My THANKSGIVING THANKFUL list (in no particular order):

I am thankful for...

1) YOU. This blog is over a year old now (hooray!) and I sort of feel like all of you, my readers, have been right there with me through basically everything I've written about. I am so grateful for every person who comes up to me and says "I read your blog! Is that weird?" or "I read your blog! I like it!" I think that WMWC has certainly evolved in a year, as have I, but I thank you for sticking with it, even if it's just what you do late at night when you're trying not to do productive work. Have a wonderful thanksgiving, stuff your faces!

2) Singing. That's a general one, and a big one, but I think a lot of people I know who are singers go through periods of general disillusionment with the voice. It's such a heavily mental activity, and can be a frustrating one, until you remember that there was a time when you wanted to learn how to sing simply because you liked doing it. And I think I'm definitely in a place right now where I just like doing it... I just love to sing. I don't really know what I'd do if I couldn't. Yesterday, for an experiment in physics class (ew), my professor asked for a volunteer who had a good singing voice. Of course, I didn't volunteer, because I hate physics. BUT, it dawned on me that most of the people in the class probably weren't great singers, or at least confident singers, and it reminded me that singing is what makes me special (besides dashing good looks of course. Kidding!) and I will always have that, no matter where it takes me.

3) Friends who are friends no matter how long it's been. This is a specific one, mostly because I didn't want to be like all the third graders who were also making chicken scratch "I am thankful for..." lists and be like "My Friends" with a backwards E. Although this is something I've been thinking about recently. I have a few friends, many of them from childhood, who I think will always be my friends, regardless of how much time has passed. We have an ease and a rhythm we can slip back into, and not in a bad way so that we feel like we have to be our old high school selves. The friends I have who are like this probably know who they are, but I am grateful for the ability to go months without talking, just to meet up at a bar and remember exactly why we were friends in the first place within the first thirty seconds of chatter.

4) Change. I used to hate change. I think I still do. But you can't stop from changing, especially at this age. Just when I think I've solidified who I am, I change. I look different, or I sound different, or I think in a different way. Change is a necessary evil, an obstacle, something you have to embrace in order to move forward. I don't want to be stagnant - these are the years to let yourself be swept up and taken along for the ride. I am grateful for all of the change that has been forced upon me, as well as the change I have personally forced upon myself. Here's to more.

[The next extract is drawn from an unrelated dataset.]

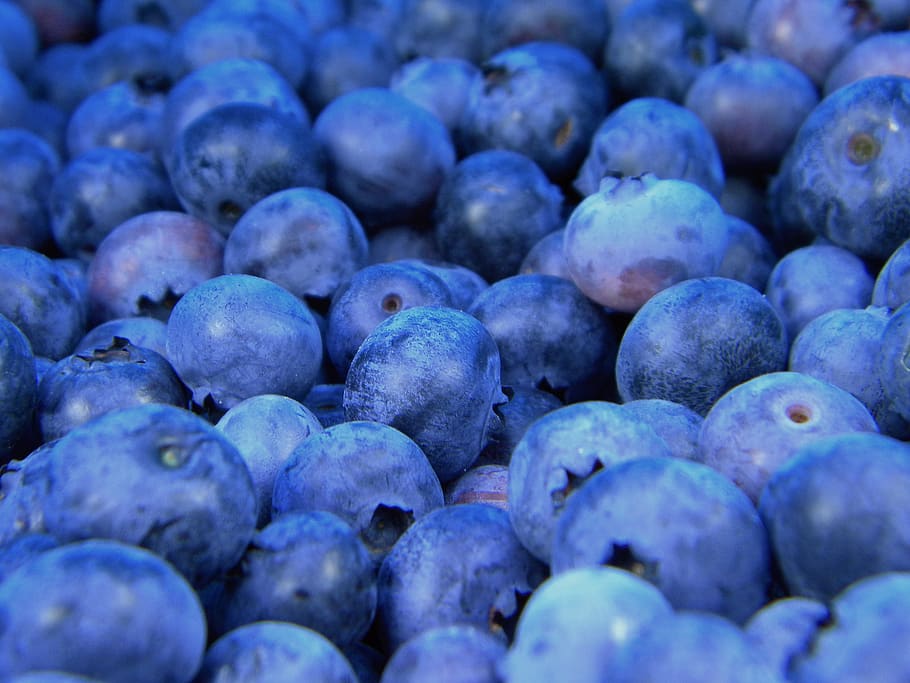 black berries lot, food and drink, healthy eating, fruit, wellbeing HD wallpaper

5) My Family. This is a surprisingly difficult one to write today, on a day that's all about family. Things haven't been particularly easy for my family this year, or in terms of my own role within it. But I love them all, no matter what, because that's what families do. I love my mom, who's downstairs brining the turkey and has already made all of her Thanksgiving desserts, because that's what she does. I love my brother, even though most of what I see from him is grumpy doorslams, because I know that he means well and he's going to experience a lot of exciting things in the next few years, things I just experienced. I love my dad and my stepmom because they've been so supportive of me and genuinely nice, and because they gave me my little brothers, who scream my name and wrap my legs in a big hug every time I come over. I love my grandparents, I love how much both sets of them care about me and shlep themselves out to the city to watch me perform, and I am so grateful they're all healthy and happy. Family definitely isn't perfect, but the beauty of a family is that even when you're slightly annoyed with half of them, you can still write a touching blog post about how much you love them.

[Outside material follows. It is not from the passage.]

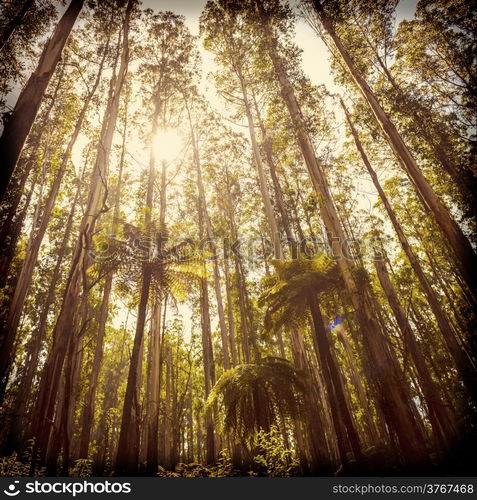 Lush green ferns, tree ferns and towering mountain ash along the Black Spur, Victoria, Australia filtered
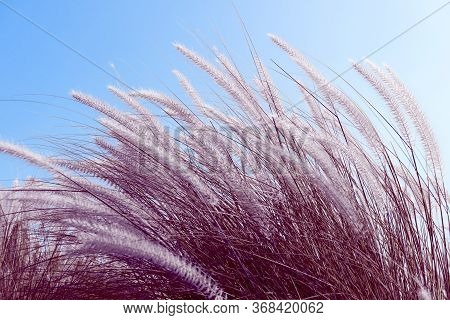Imperata Cylindrica Beauv Grass In Nature Agent Blue Sky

6) My Boyfriend. I know, weird, I said "My." That just seems blasphemous at this point. But I am thankful for THE Boyfriend, who was in last year's Thanksgiving post wearing converse and drinking wine with my family. This year, he'll be at his own house for dinner, not too far from me (though he'll have some turkey-shaped cookies to remember me by, at least as long as they haven't been eaten.) The one year anniversary of this blog makes me think about how much has happened since last Thanksgiving, especially concerning him, but it's all water under the bridge now. I don't exactly know what to thank him for, since he certainly has done a lot for me, but he makes me so happy, I simply can't NOT thank him. I am thankful for the days when I just lay around while he plays guitar, for when we watch Dexter together and he lets me grab his knee and make comments like "I HATE Lieutenant LaGuerta! She sets women back by decades!" while getting endlessly nervous that Dexter will finally be caught. He is both a 6-year-old boy and a 22-year-old man at the same time, serious when he needs to be and hysterically silly when he wants to be. He's kind of my best friend. But probably not anymore, because he doesn't like when I say nice things about him....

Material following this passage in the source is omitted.